Want to Look Like a Barbie Doll? Guys, do You Want to Partner With Barbie?
When I was a kid, the emphasis for girls and women was to aspire to look like Barbie, Twiggy, a film or TV star (think Bay Watch babe) gorgeous model, rock celebrity or female media personality. All the better if you were "readjusted" for enhancements, nose job, breast implants, tiny waist and small hips. Guys fawned, drooled and fell over you if you were that paradox of slender yet curvy. There was no sharing the bill on dates: he paid. It costs money to date someone who is gorgeous, slim, yet plump in all the right places.
We all remember women from our youth who were pawed, pampered and stalked because of their D and F cups and slender waists. Since I wasn't one of them, I was happy when times changed and there was more of an emphasis on not objectifying women's bodies. It was an electrifying moment in our culture to actually have a movement which encouraged young girls to be happy with themselves and not attribute inferiority to their bodies if they didn't look like Barbie. Feminism and later Naomi Wolf's The Beauty Myth exploded the need for the bimbo bombshell types and women appeared to be gaining in the career marketplace and in the mind sphere. The American Girl Doll also helped to shift the paradigm.

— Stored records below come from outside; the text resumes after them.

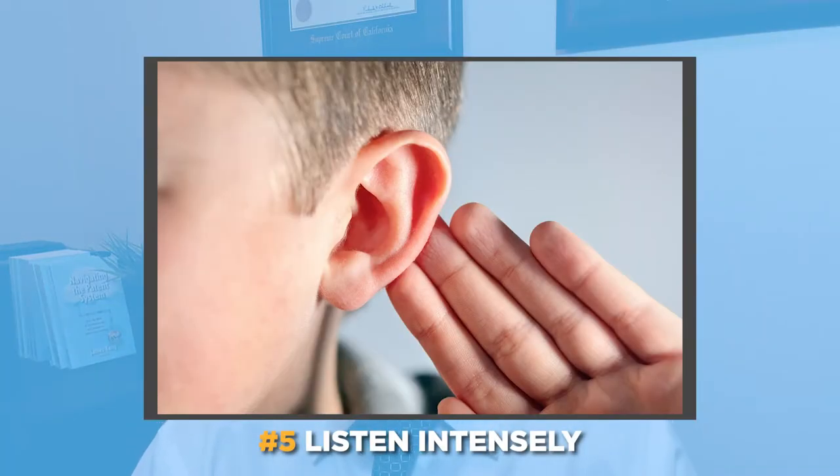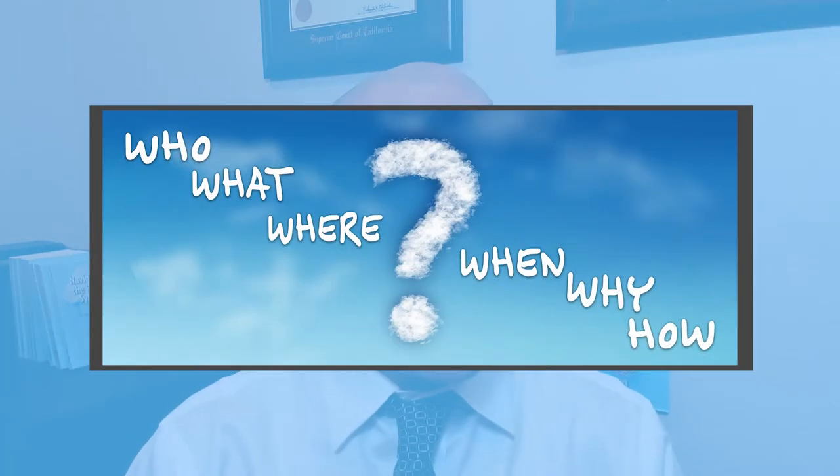First, I listen. I listen to clients intensely. Clients really love their inventions and they tend to tell me more information than needed. But sometimes an off-the-cuff comment is more important than everything else they just told me. By listening, I can answer the question behind their questions.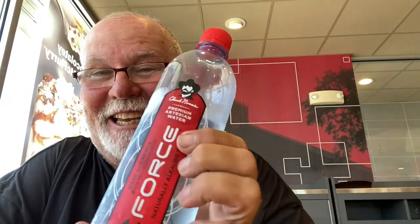Howdy y'all, Lone Star Rider here. We've got a product review — C-Force, by Chuck Norris. I'm not kidding. Y'all stick around.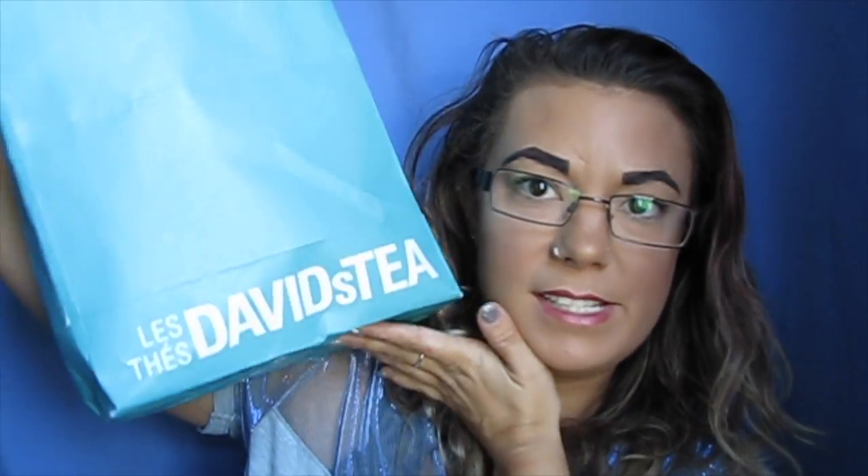Hey guys, so today is going to be something a bit different. I am actually going to be doing an empties video. I think I've done one before, but it takes a while for me to get through some stuff. I just stick everything in a bag and I have a hard time getting through a lot of stuff because I have so much stuff.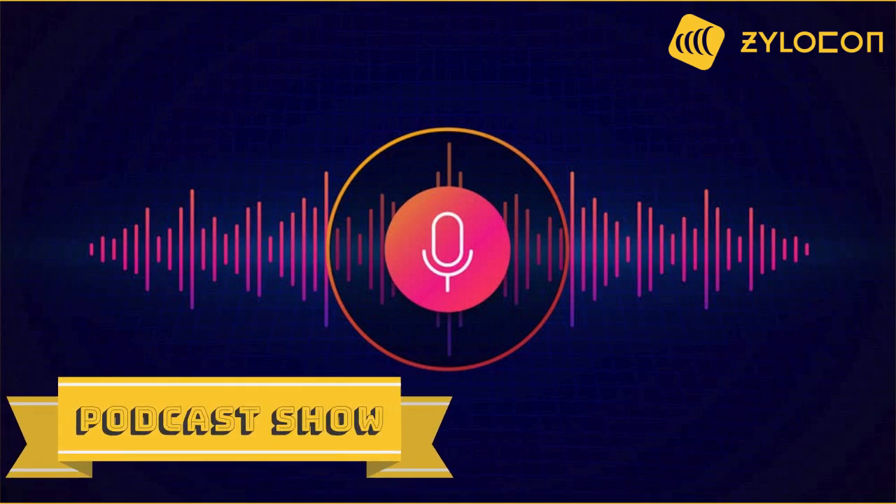Hello and welcome to a new episode of our podcast show. I'm your host, Bethany, and today I will talk about Xylocon ReadyMix Dispatch software. It's a game changer for the ReadyMix concrete producers.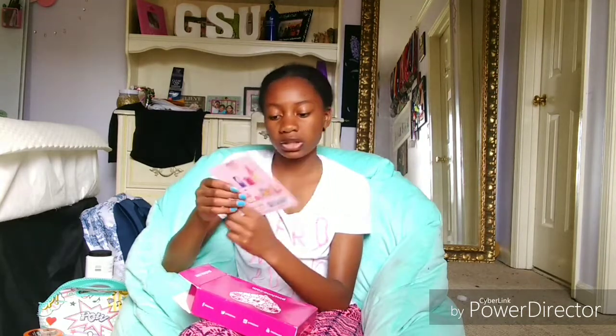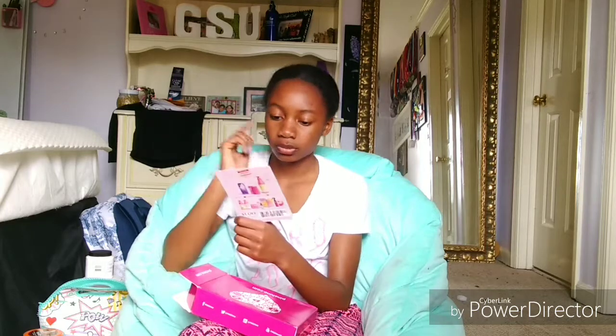So the first one is $3 off any Ava NYC hair product. I don't know if I'm going to use this because — not trying to be rude — but this looks like white people hair products. So yeah, that's what it looks like. And it's only $3 off, so I don't know if I'm going to use this.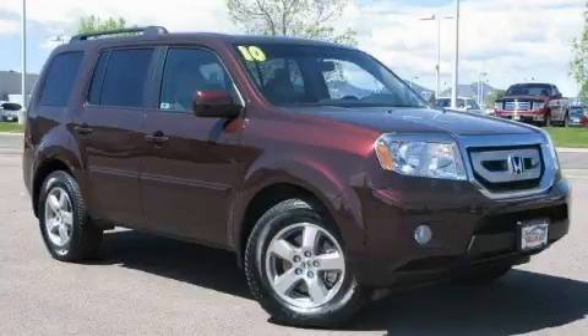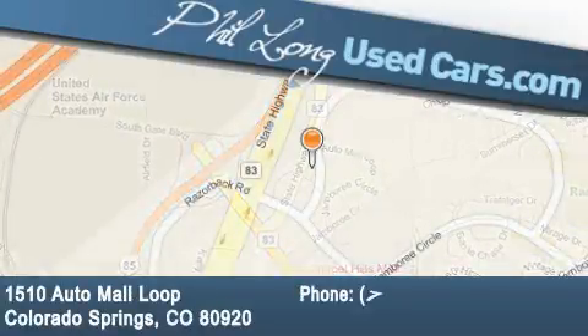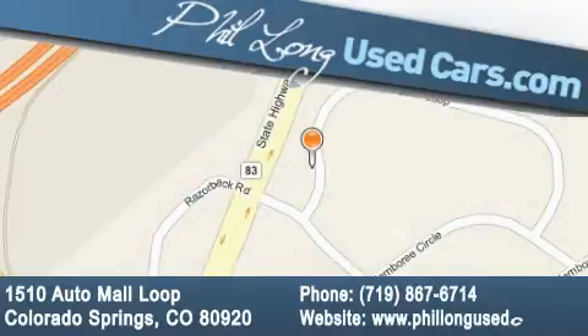Stop by today and test drive this vehicle for yourself. Phil Long Used Cars is located at 1510 Auto Mall Loop in Colorado Springs. Our goal is to exceed all of your expectations to ensure that you'll return for future visits.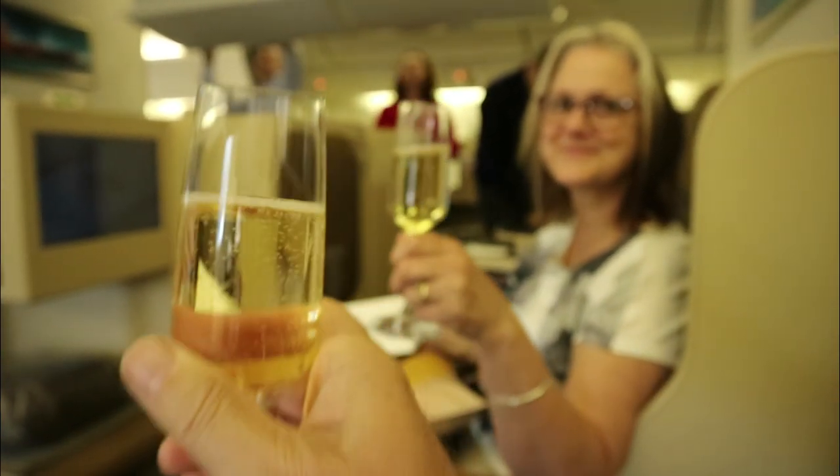Business seats on this aircraft are split into two sections. Forward of the door, there are eight seats in a 1-2-1 configuration, and I was in seat 6C, which was luckily a window seat. Once again, my jacket was taken and hung up, champagne and hot towels were offered, and we settled in, ready for departure at 9:05am.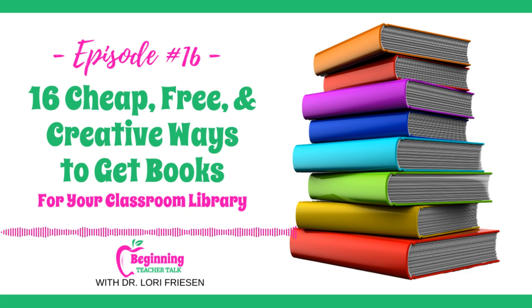Welcome to episode number 16, where we are going to talk about 16 ways to get cheap and free books for your classroom library. I get asked this question a lot in my work with beginning elementary teachers, so I knew I needed to do an entire show all about this topic. Because 16 is a lot, you can grab a copy of these 16 ways in the full show notes at DrLoriFriesen.com in episode number 16.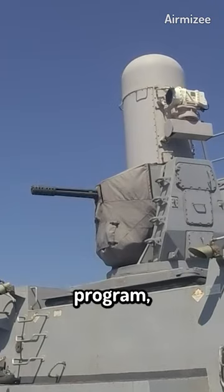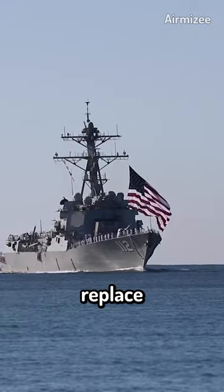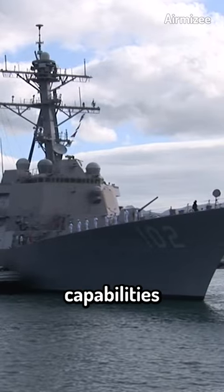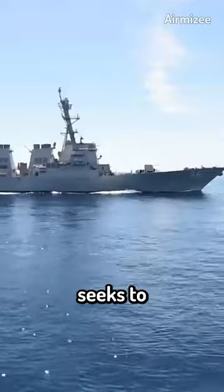The DDG-X program, the next-generation guided missile destroyer, was intended to replace the Arleigh Burke-class guided missile destroyers in the U.S. Navy. A new class of destroyers with cutting-edge technologies and capabilities to counter emerging threats is what the DDG-X program seeks to create.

But the period was fleeting and the paradigm closed in on itself exemplified by the Barbie doll's perennial design. Though Mattel accoutered Barbie with pin striped power lawyer and lab coat doctor and teacher outfits and thickened her waist a bit, the doll was still bodacious; the outfits were very form fitting to reveal the curving hips and slender waist. So lip service was given to what appeared to be a shift in women's perspectives, but it was lip service. The doll's body structure didn't change. Today, as I quickly perused the development of the dolls from past to present and looked at the Barbies for sale, the thin waists, the large breasts, the slender, long legs are still manifested.
Of course, Barbie is global and multi-racial, sporting traditional ethnic dress from various cultures, and there are sixteen Barbie categories, enough to make your head spin, including celebrity Barbies (Farrah Fawcett poster girl Barbie and Marilyn Monroe). Amidst all of these hundreds of dolls, somehow, there is no scrawny Barbie. There is no overweight or obese Barbie. Regardless of how cool, powerful or glamorous an obese woman may be, this is not reinforced by the Barbie doll whose body is unnatural, rare and not representative of the majority of women's real life body types. Barbie doesn't have thick ankles, rolls of fat, double chins, short legs, short waists or sneak-up cellulite on a thin body. And with that slender waist, none of her ribs are showing, nor protuberant bony hips or a shy collar bone.